1- No Mobile Me support. I can't access text files nor spreadsheets stored in the iDisk. The iDisk app (still for iPhone) can do just a preview, and Pages & Numbers have no link to the iDisk. The Mobile Me website does not work either in Safari for iPad.
2- The device is nice but too heavy to use as a reader. I have several Macs and an iPhone and buy and read iBooks was the main use I had in mind for the iPad.
3- There's no Finder nor any kind of access to the file system. There's not even a Documents folder.
I think the iPad is the future: a closed clamshell computer with which you can't do anything without a credit card and the permission of the big brother Apple and the control of their big cyclops eye called iTunes. Probably I'm too old to accept that.
Let's see here...
1) I have no problem seeing my files stored on iDisk then emailing them to my iPad if I need to edit. Of course it's even easier w/ dropbox since I can access the file directly and open in Pages, Numbers, Goodreader, etc.
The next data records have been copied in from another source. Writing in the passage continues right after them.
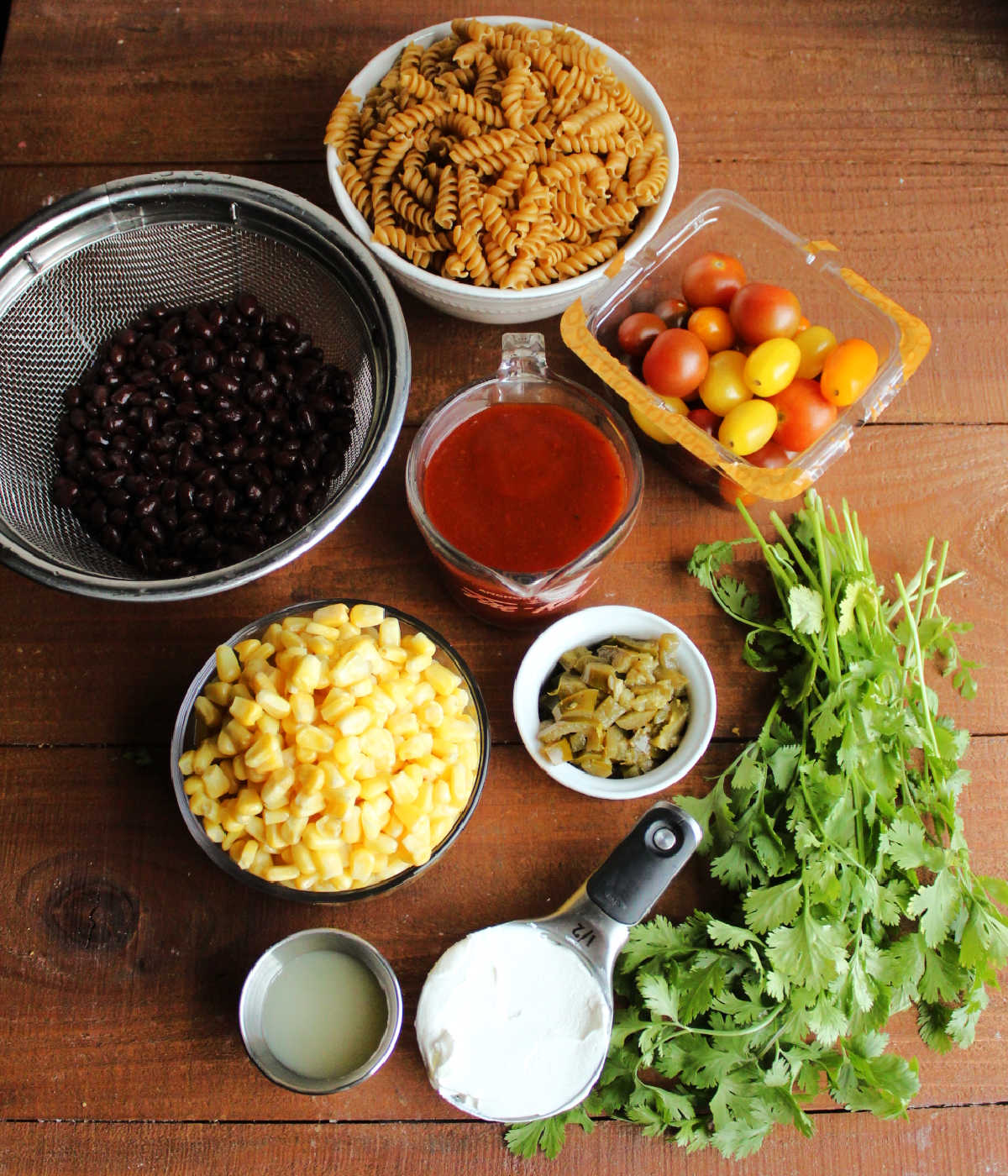 Ingredients including rotini pasta, cherry tomatoes, cilantro. sour cream, lime juice, chopped pickled jalapenos, red enchilada sauce, corn, and black beans ready to be made into pasta salad.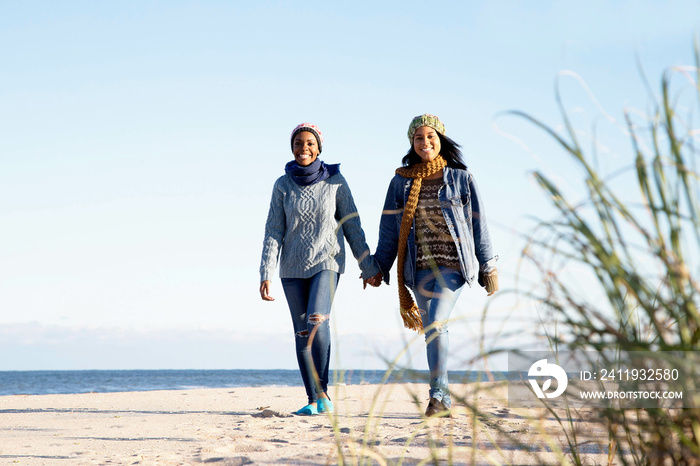 Two young women, walking along beach, holding hands, smiling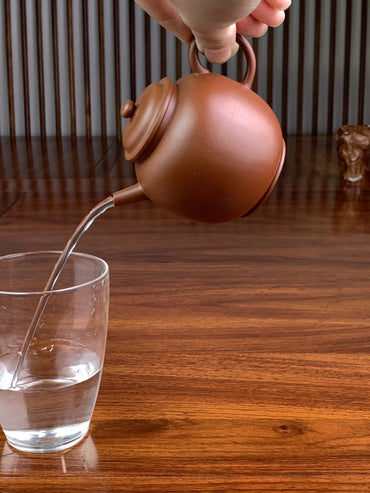 perfect pour of the yixing clay teapot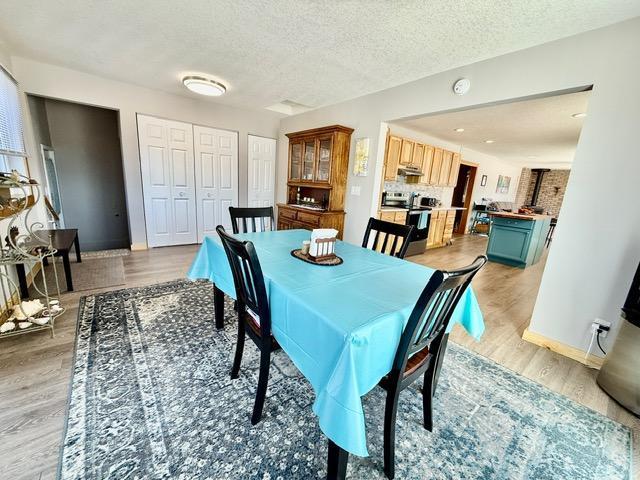 dining area with light wood-style floors, a textured ceiling, and baseboards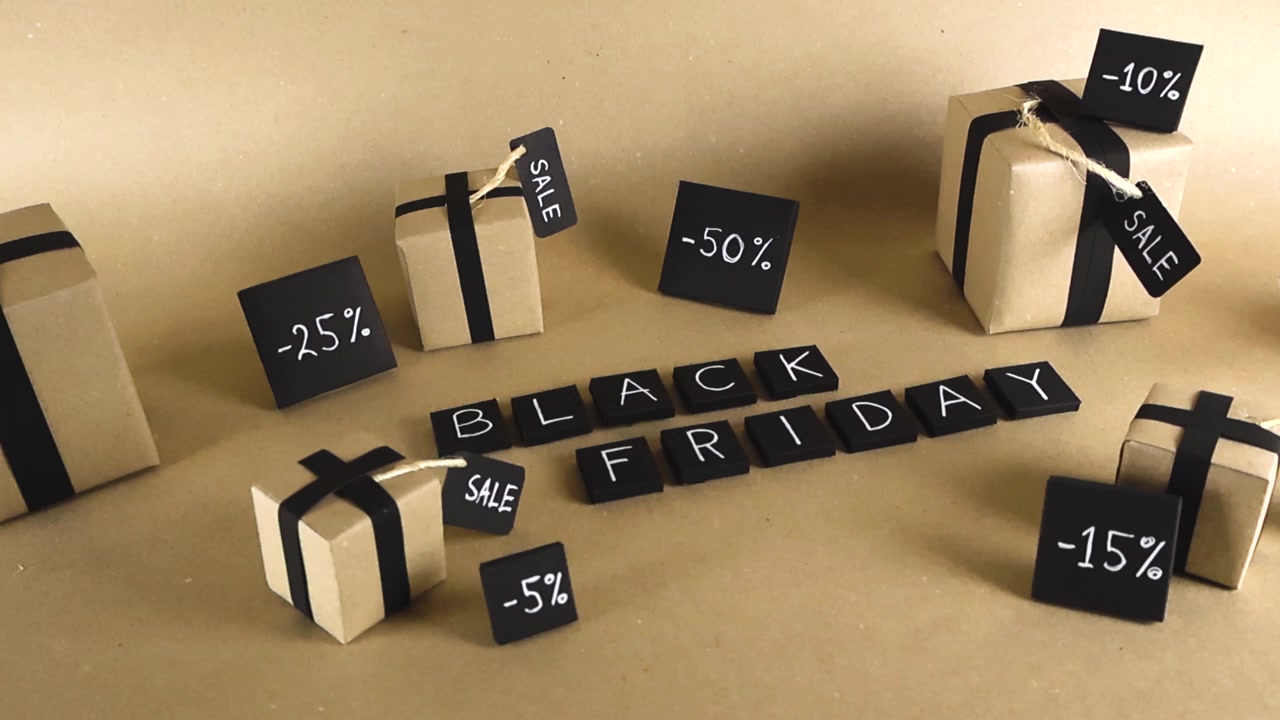 Handmade craft paper gift boxes and Black Friday lettering surrounded by discount percentages signs on a brown background, representing the annual retail sales event and consumerism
2) The iPad is 1.5lbs. A new hardcover book avgs twice that so seems to be a hollow argument. Also, when I read it's usually on the sofa or bed...I have a place on or near to rest the iPad, just like a book, so I'm not bearing 100% of the weight.
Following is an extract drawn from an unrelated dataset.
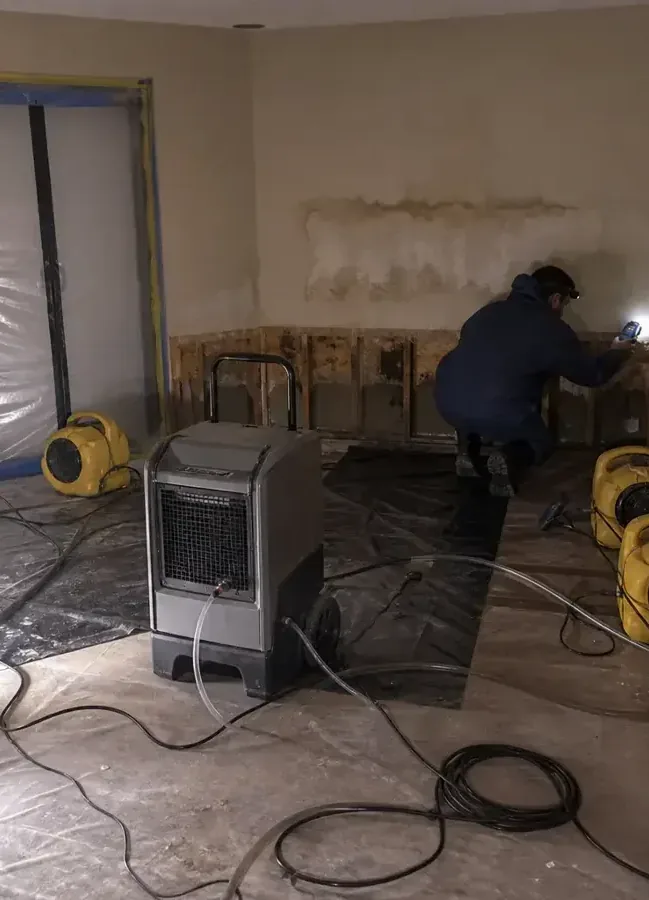 Technician checking an opened wall beside drying equipment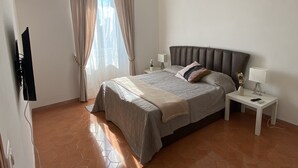 A bedroom with a bed, nightstands, a lamp, a TV, and a window with curtains. - Appartamento Stazione Termini A/C WI FI (Roma)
3) No file system to access, no. But you should have known that before you bought. It was quite obvious what the iPad is and is not on Day One. And you say you are just figuring this out. Hmmm...
4) The iPad is a closed system. Yes. Again, very much advertised since the start. You rail against this, but you bought one anyway. Beee Essss.
5) It's hyperbole to say you can't do anything w/o a CC. You can load your own non-DRM movies, music, books, PDFs., etc. Most of the Apps I have are freebies. Sure Apple has a grip on which Apps make it to the store, but that is reality since App Store started two years ago.
All this adds up to you either being a pretty lazy consumer or a hackneyed troll. Which is it?